Вообще все прошлое сейчас не имеет значения. Только про Настю он не в курсе, и не я буду тем человеком, который назовет ему ее московский адрес, несмотря на угрозу раскаленной сковороды. Никакой я не герой, но, как ни странно, иногда предательство бывает страшнее пыток. И смертью он меня не напугает. Не потому, что я ее не боюсь, а потому, что на этот счет у меня аргумент заготовлен. Ни с самого начала, ни теперь он не выглядит стопроцентной гарантией безопасности, но шанс дает. А если мне не суждено выбраться из подвала, то предательство уж во всяком случае меня не спасет.
— И где сейчас девушка? — как раз и спросил Зиновьев.
— Не знаю, — соврал я. — Ей отец прячет. У него и поинтересуйся. Ты же с ним приятельствуешь…
Щекастый склонил голову, дескать, если надо будет, поинтересуется, а при случае и у меня еще раз поинтересуется. Только вопросы будет задавать уже не он, а какой-нибудь мясник в фартуке.
После некоторой паузы, которую я отнес насчет того, что в ногтях обнаружился, наконец, некий дефект, который и приковал к себе все его внимание, Валентин Гаврилович промолвил:
— А ведь это чудовищное заблуждение, насчет того, что Краснопольского заказал я или что его заказали через меня… И оно будет стоить тебе жизни. Как странно — ошибка, которая стоит жизни… Меня это всегда занимало, ведь каждый ошибается каждый день по многу раз Вот я, например. Зачем я сегодня выпил молочный коктейль? Он расстроил мне весь желудок. Ошибка? Несомненно. Избежать таких ошибок невозможно. И к этому как-то привыкаешь… И вдруг из-за какой-то ерунды приходится рассчитываться самым дорогим, что у тебя есть — всеми непрожитыми годами…
У меня даже голова на мгновенье перестала болеть. Не от размышлений об ошибках и их стоимости. А от возможности, что не щекастый убил Краснопольского.
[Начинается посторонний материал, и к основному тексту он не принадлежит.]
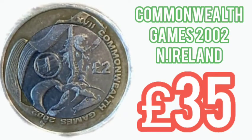The second most valuable is the Commonwealth Games Northern Ireland from 2002 — £35, again up to £40-£45 for that perfect uncirculated. There were four different Commonwealth Games £2 coins released back in 2002.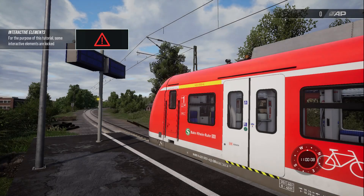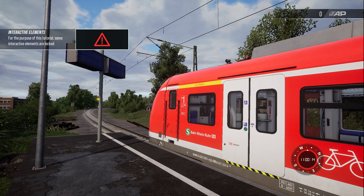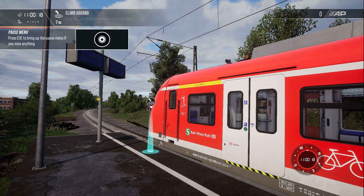Welcome to this BR422 electric multiple unit in DB traffic red livery. This brief introduction will cover passenger operations and recovery from an emergency stop. Climb aboard to get started.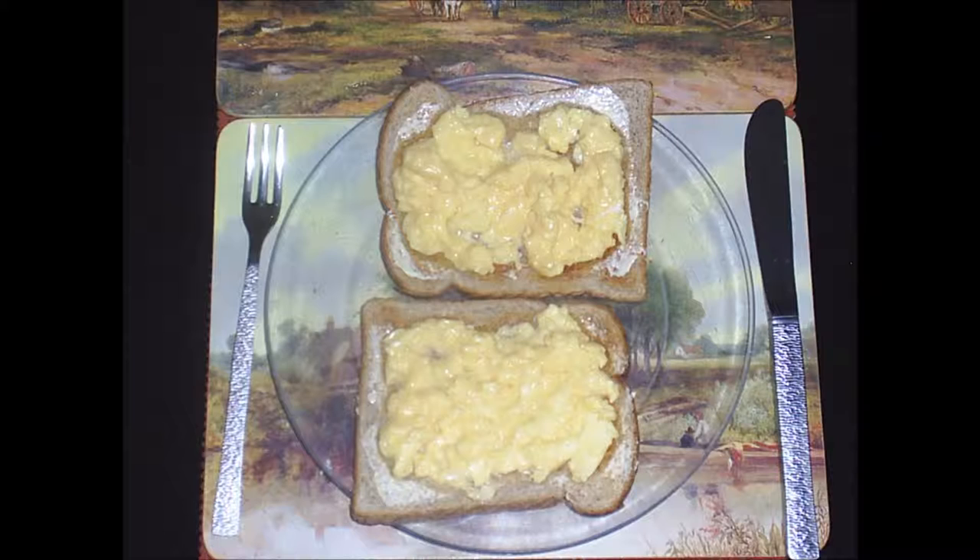Any of the above can also be eaten as a light lunch or supper. 33 million eggs are consumed in Britain every day. That includes eggs for cooking, baking, etc.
Минуту назад причастность Зиновьева к убийству была для меня предельно очевидной. Меня вычислили через телефон, а слушать мог только этот индийский идолопоклонник. Еще одним несомненным доказательством является репутация Зиновьева и, если уж на то пошло, форма его дебильного обличья.
Однако с какой стати он ломается? Я ему не прокурор, чтобы передо мной ломаться. Или он уже прокрутил в голове мой аргумент и готов начать торг?
Заметив сомнения на моем лице, Зиновьев добавил:
— У меня нет причин желать смерти Краснопольскому, наоборот, у нас были общие дела. А на чем, собственно, строятся твои выводы? На том, что тебя прослушали? Не спорю, прослушали и взяли на заметку, но и только. А ты уверен, что только я один мог слушать?
Я ни в чем не уверен. Не уверен в Терехине, не уверен в Треухине. А в Насте уверен? Тоже нет. Но из всех своих неуверенностей нужно же выбирать одну.
— Впрочем, ты волен думать, что угодно, — благодушно позволил хозяин. — Жизни в тебе осталось на несколько часов. А потом… Кого интересуют сомненья мертвеца?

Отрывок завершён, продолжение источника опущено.